Conrad was one of the most prolific German writers of the fourteenth century. He wrote over thirty books. His best-known and most widely read work is his "Buch der Natur". According to his own statement he was engaged in writing it in 1349. A Latin work, De naturis rerum, of the Dominican Thomas of Cantimpré (d. 1263), served as model. Conrad, however, prepared his book with considerable freedom; much of the original was omitted, his own observations were introduced, corrections were made, and so on. His work gives a survey of all that was known of natural history at that time and is, besides, the first natural history in the German language. It was widely read up to the sixteenth century, and numerous manuscript copies of it are still extant, eighteen being at Munich. The first printed edition with a date is of 1475, and was issued at Augsburg from the shop of Hans Bämler, under the title of "Puch der Natur". It was printed at least six times before 1500; some of the editions were illustrated, all are now rare incunabula. A new edition of the original text was issued by Franz Pfeiffer (Stuttgart, 1861), with an introduction; an edition in modern German was edited by H. Schulz (Greifswald, 1897).
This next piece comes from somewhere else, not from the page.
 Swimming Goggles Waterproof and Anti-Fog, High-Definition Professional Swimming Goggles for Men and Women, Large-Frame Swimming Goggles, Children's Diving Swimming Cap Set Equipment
The work has eight chapters
- the nature of man
- sky, 7 planets, astronomy and meteorology
- zoology
- ordinary and aromatic trees
- plants and vegetables
- invaluable and semi-precious stones
- 10 kinds of metals
- water and rivers.

Of Conrad's numerous other writings there should be mentioned:
- the "Sphære" 'Spheres', a small compendium in German of astronomy and physics, prepared from the Latin work of Joannes Sacrobosco
- some poems, including "Planctus ecclesiæ in Germania" (1337)
- a hymn in praise of the Virgin
- a work on morals, "Speculum felicitatis humanæ" 'mirror of human happiness' (1348)
- "De erroribus Begehardorum et Beguinarum" 'about the errors of Beghards and Beguines'
- "De translatione imperii" (1355) on the translatio imperii, i.e. 'succession' of empires
- the large work "Oeconomica", written between 1353 and 1363
- "Tractatus contra mendicantes ad Papam Urbanum V" 'treatise against mendicant (order)s addressed to Pope Urban V
- several biographies of saints
- some historical treatises, chiefly dealing with the local history of Ratisbon.

In his writings Conrad shows himself to be a strong adherent of the pope, an opponent of the philosophy of Occam, and a stern critic of the moral failings of his age and of the clergy.